__What you need to do__:
Although the entries contain pictures, your copy should hold only their exact text.

============================================================

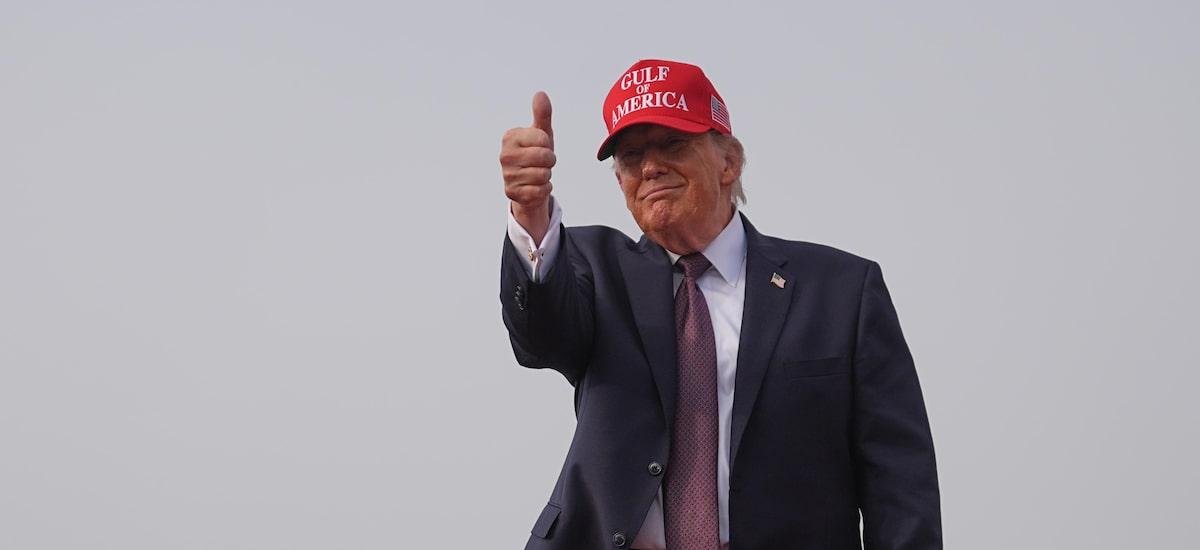 Irã fecha Estreito de Ormuz e ameaça incendiar qualquer navio que tentar passar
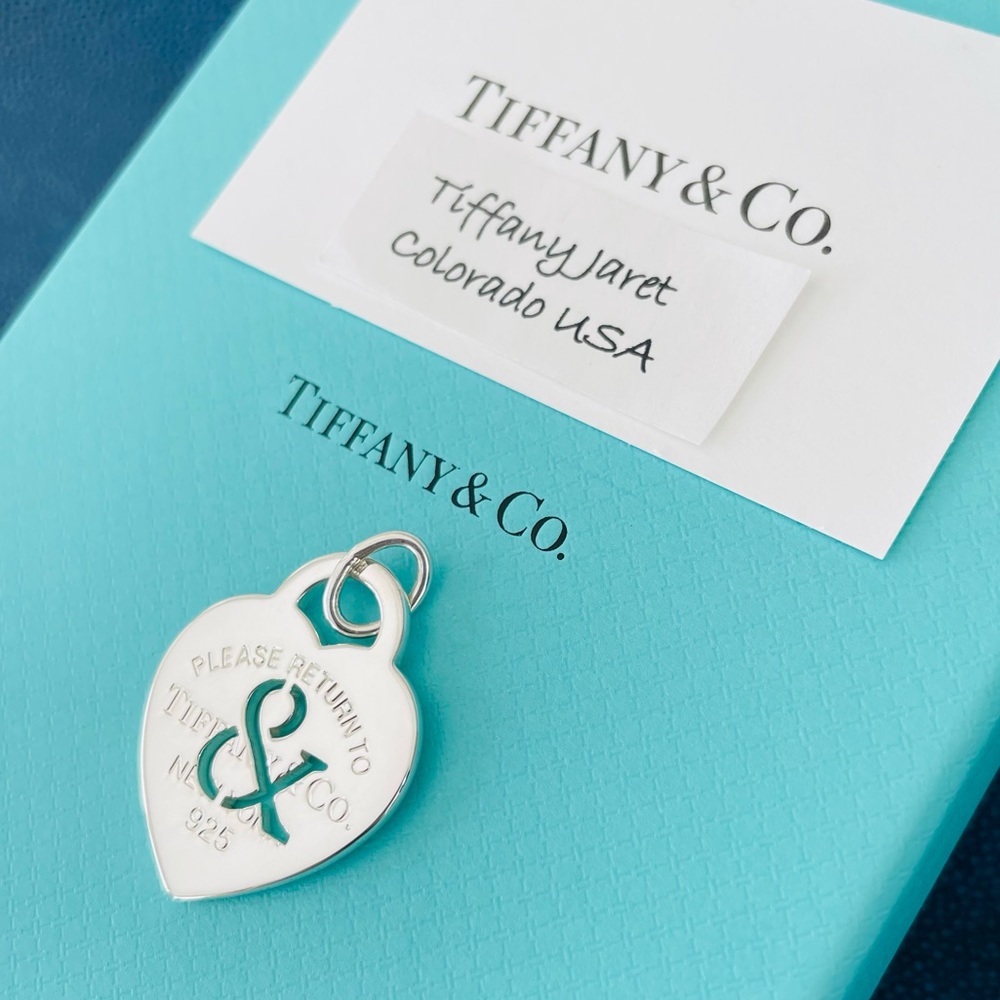 T&Co Large Ampersand Heart Charm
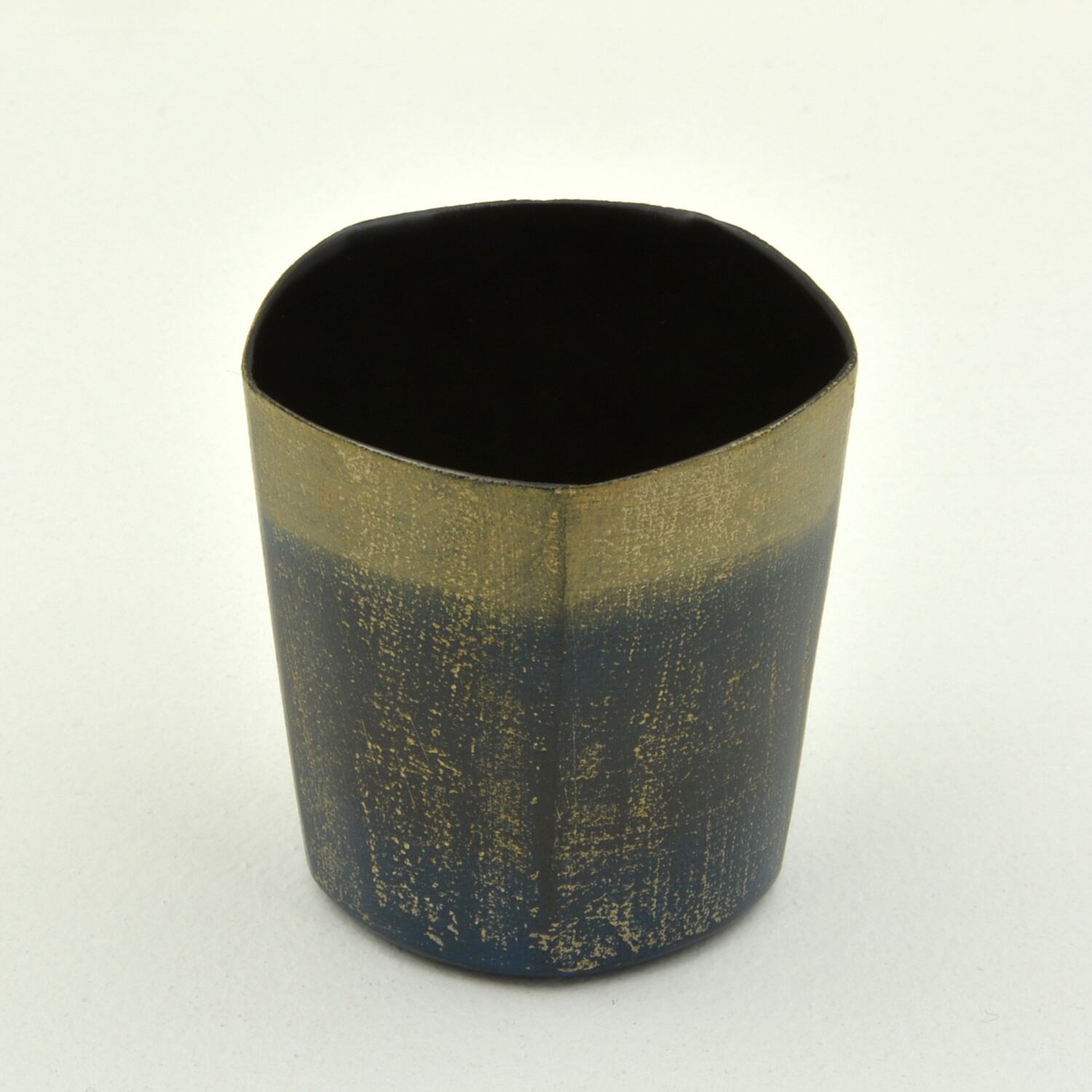 西山陽 | gallery KiKuRa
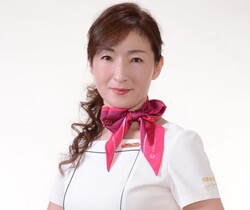 小川　恵子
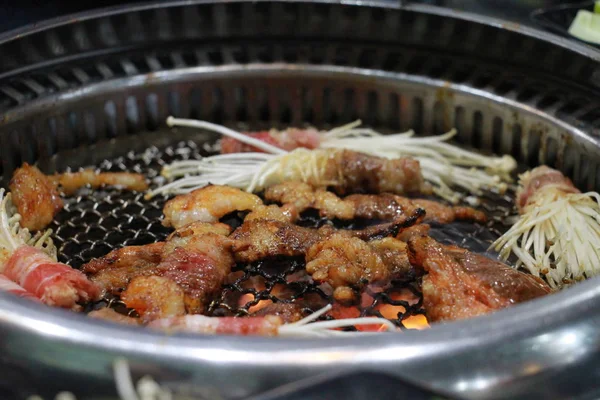 Grilled Food Enokitake Mushroom Steak Pork Grilltray — Stock Photo, Image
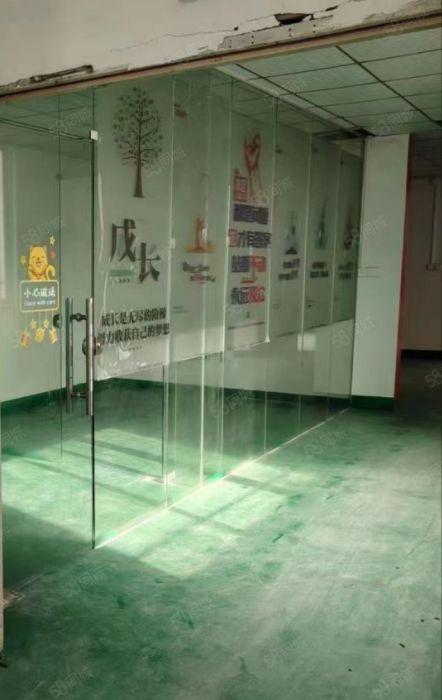 可省下装修费  大岭山出租厂房仓库780平  空地大靠近国道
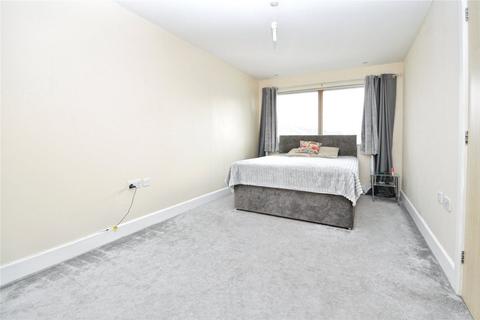 undefined, Bell Road, Hounslow TW3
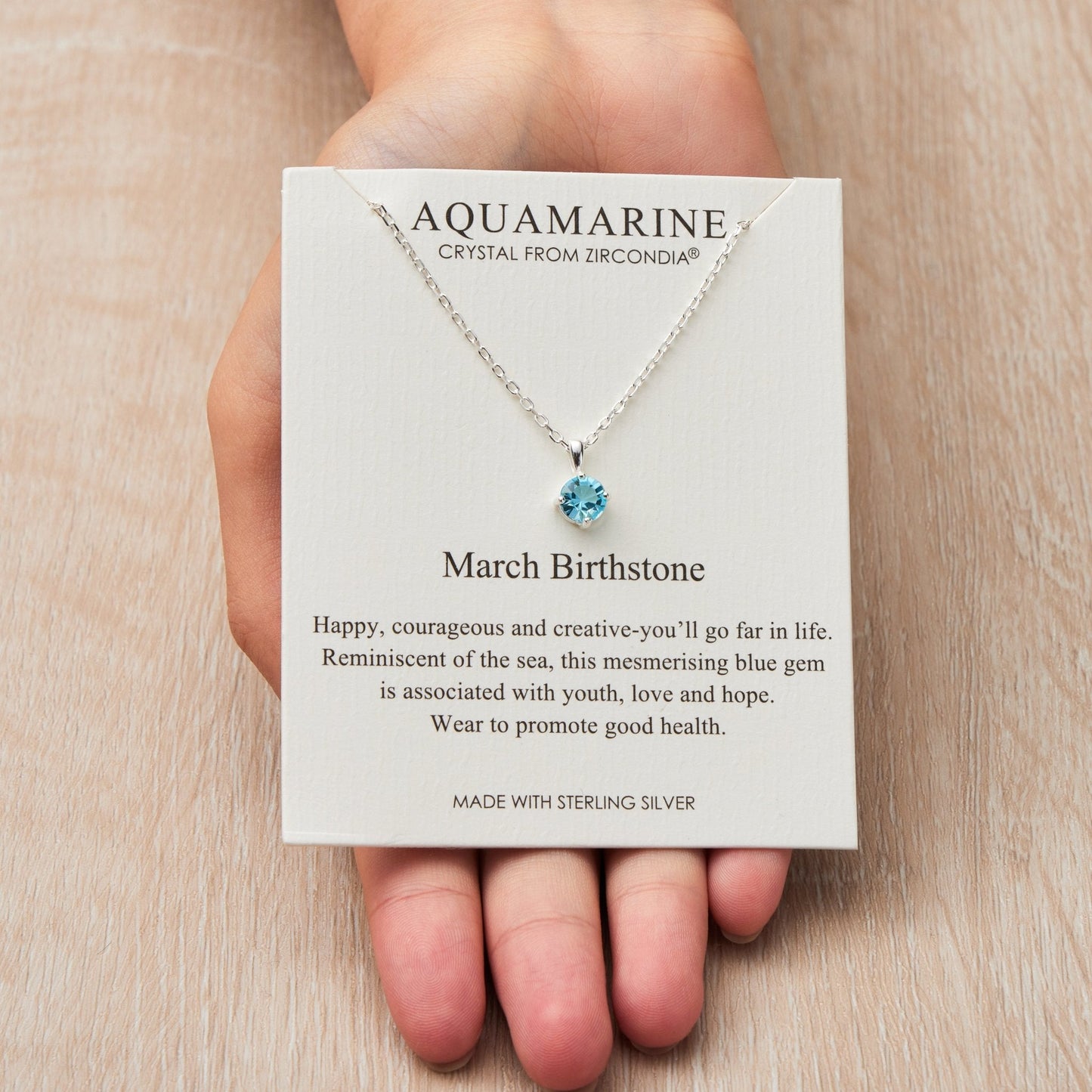 Collier en argent sterling avec pierre de naissance de mars (aigue-marine) orné de cristaux Zircondia®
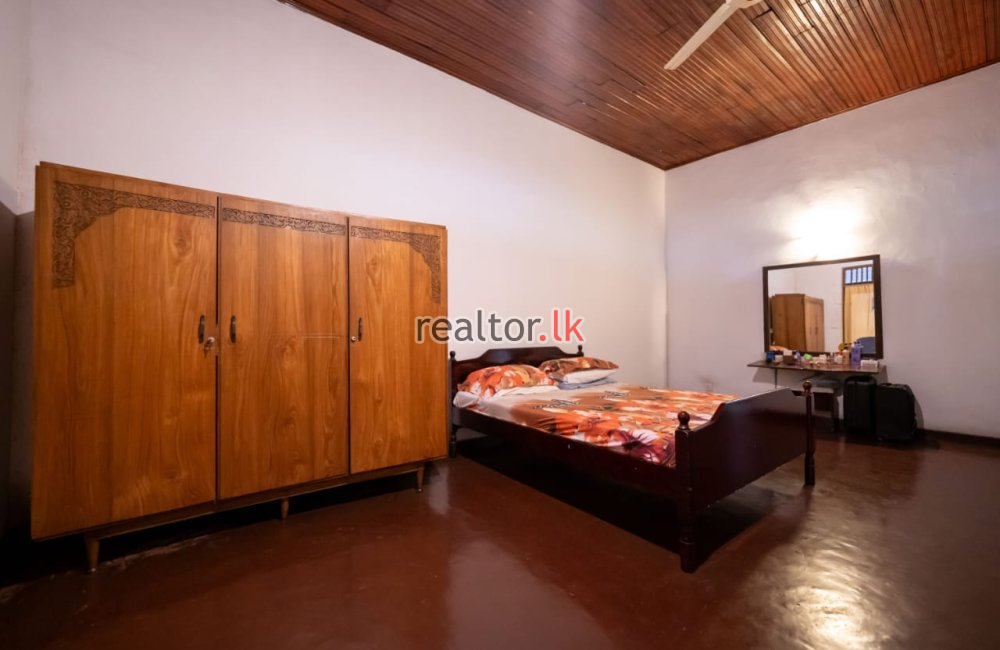 Two-Story House With Annex In Alwis Pl Colombo 13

============================================================

__Response__:
 Irã fecha Estreito de Ormuz e ameaça incendiar qualquer navio que tentar passar
 T&Co Large Ampersand Heart Charm
 西山陽 | gallery KiKuRa
 小川　恵子
 Grilled Food Enokitake Mushroom Steak Pork Grilltray — Stock Photo, Image
 可省下装修费  大岭山出租厂房仓库780平  空地大靠近国道
 undefined, Bell Road, Hounslow TW3
 Collier en argent sterling avec pierre de naissance de mars (aigue-marine) orné de cristaux Zircondia®
 Two-Story House With Annex In Alwis Pl Colombo 13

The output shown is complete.